Assigned task: Each line of the records has to be copied exactly, though the pictures must be left out.

━━━━━━

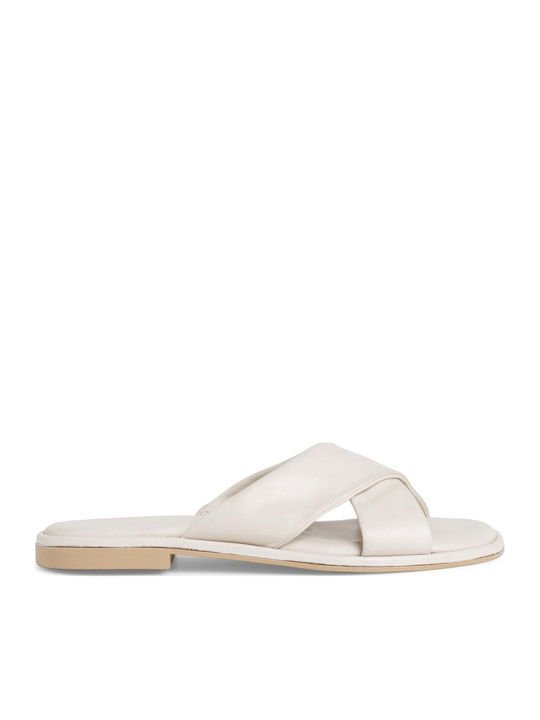 Leather Women's Flat Sandals in White Color
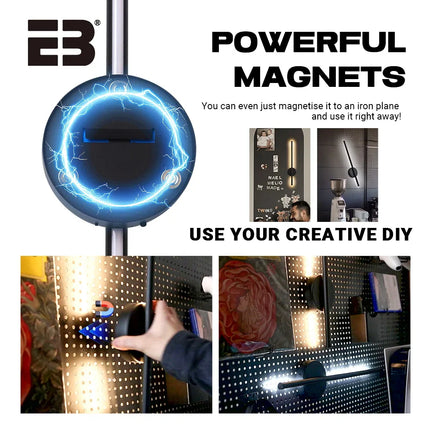 Applique Murale LED Rechargeable Aluminium à Intensité Variable avec Télécommande, Lot de 2, 50 et 80 cm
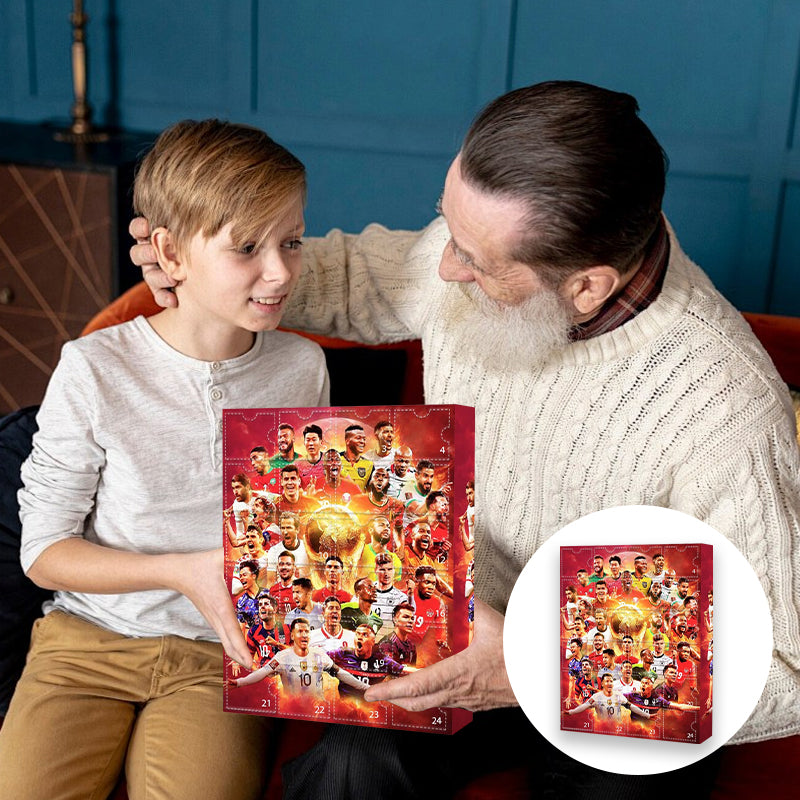 "Adventskalender för VM 2024 med vintriga teman, julöverraskningar, ca 30x18x5 cm, perfekt som juldekoration."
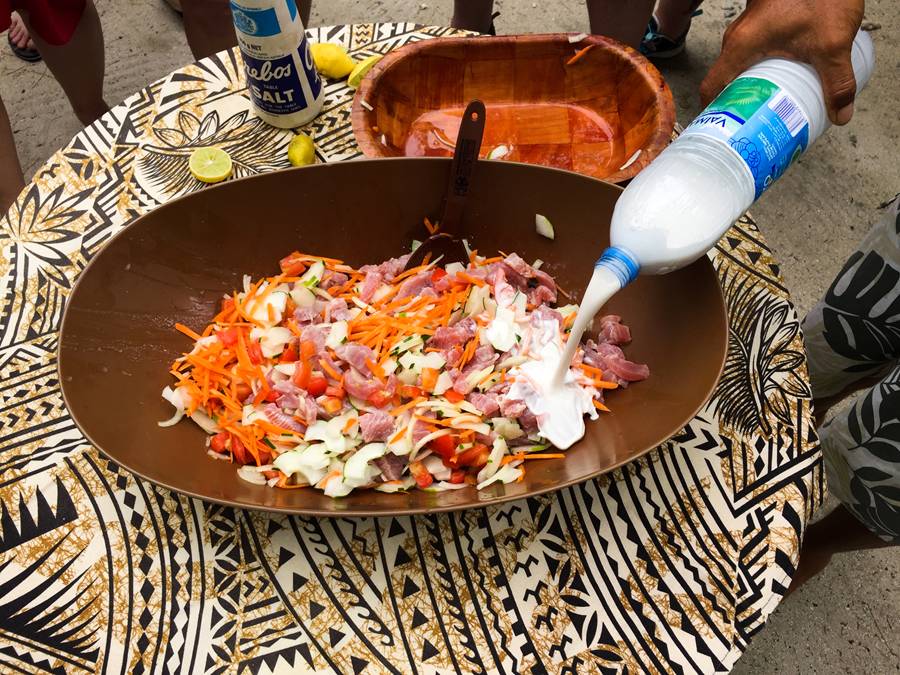 Tahitian lunch, fish, coconut milk and veggies.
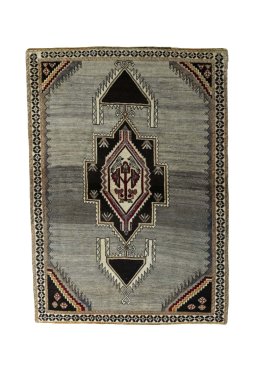Full view of 2000s Persian Gabbeh rug from Iran / Persia, 176 × 127 cm in Gray tones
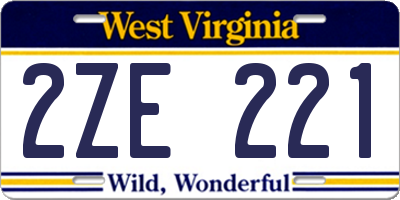 WV license plate 2ZE221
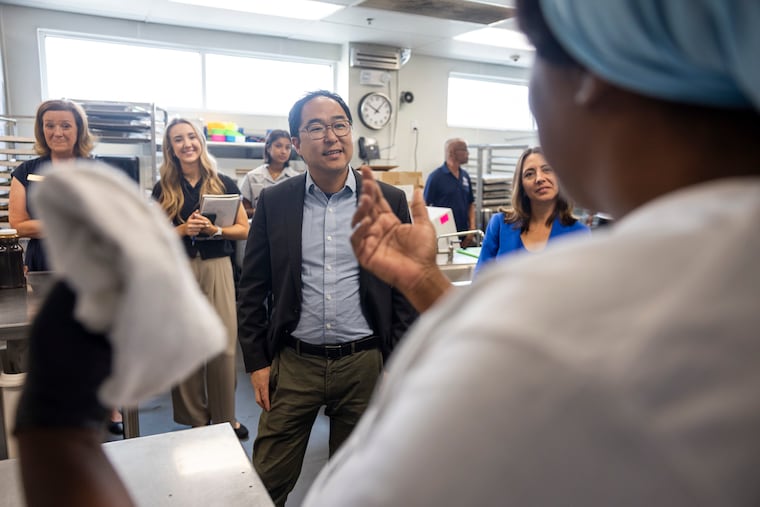Sen. Andy Kim (D., N.J.) visits Cathedral Kitchen in Camden Friday. The anti-hunger nonprofit, which distributes thousands meals each month, turned 50 this year.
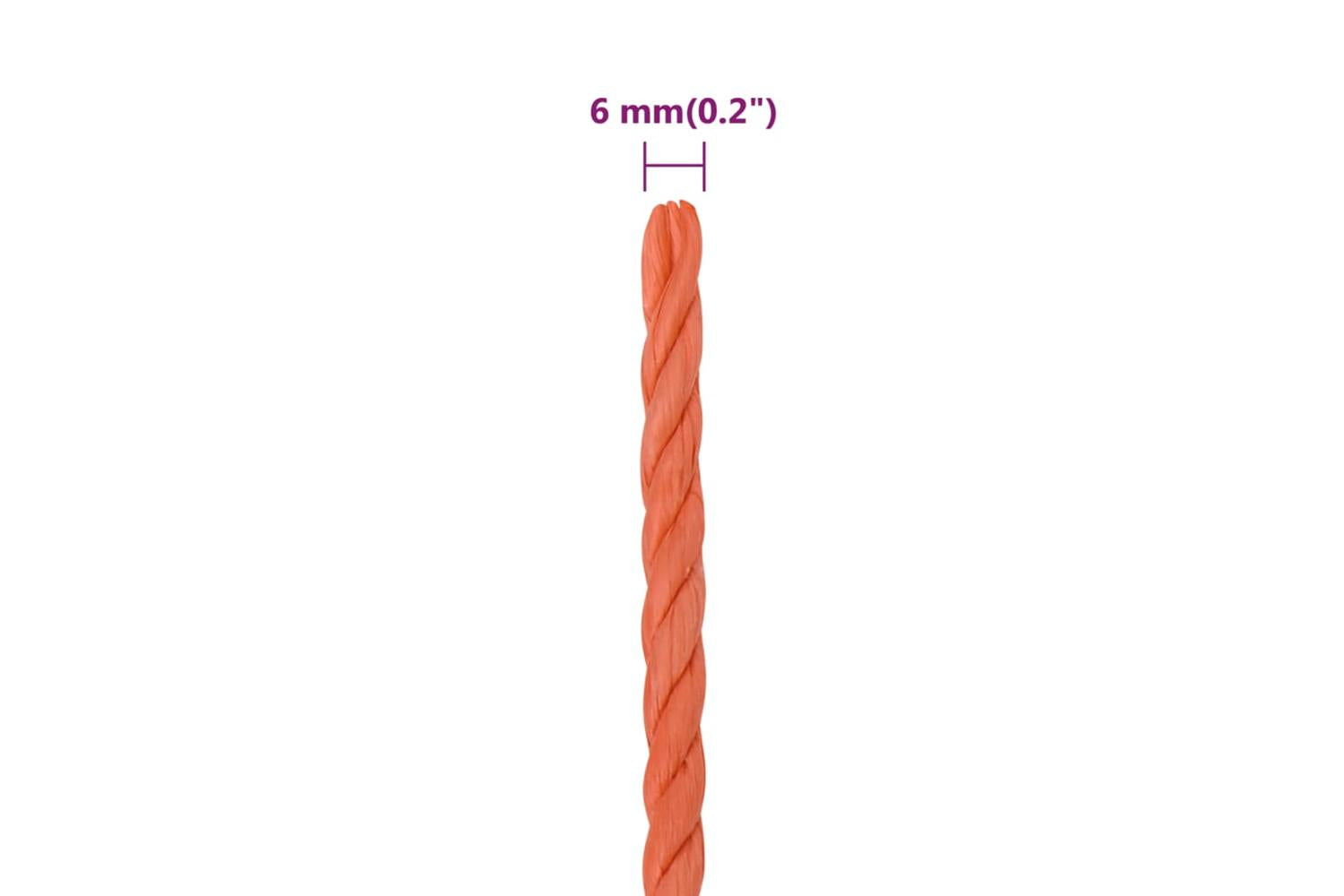 vidaXL 152925 Work Rope Orange 6mm 100 M Polypropylene-6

━━━━━━

Exercise response:
 Leather Women's Flat Sandals in White Color
 Applique Murale LED Rechargeable Aluminium à Intensité Variable avec Télécommande, Lot de 2, 50 et 80 cm
 "Adventskalender för VM 2024 med vintriga teman, julöverraskningar, ca 30x18x5 cm, perfekt som juldekoration."
 Tahitian lunch, fish, coconut milk and veggies.
Full view of 2000s Persian Gabbeh rug from Iran / Persia, 176 × 127 cm in Gray tones
 WV license plate 2ZE221
Sen. Andy Kim (D., N.J.) visits Cathedral Kitchen in Camden Friday. The anti-hunger nonprofit, which distributes thousands meals each month, turned 50 this year.
 vidaXL 152925 Work Rope Orange 6mm 100 M Polypropylene-6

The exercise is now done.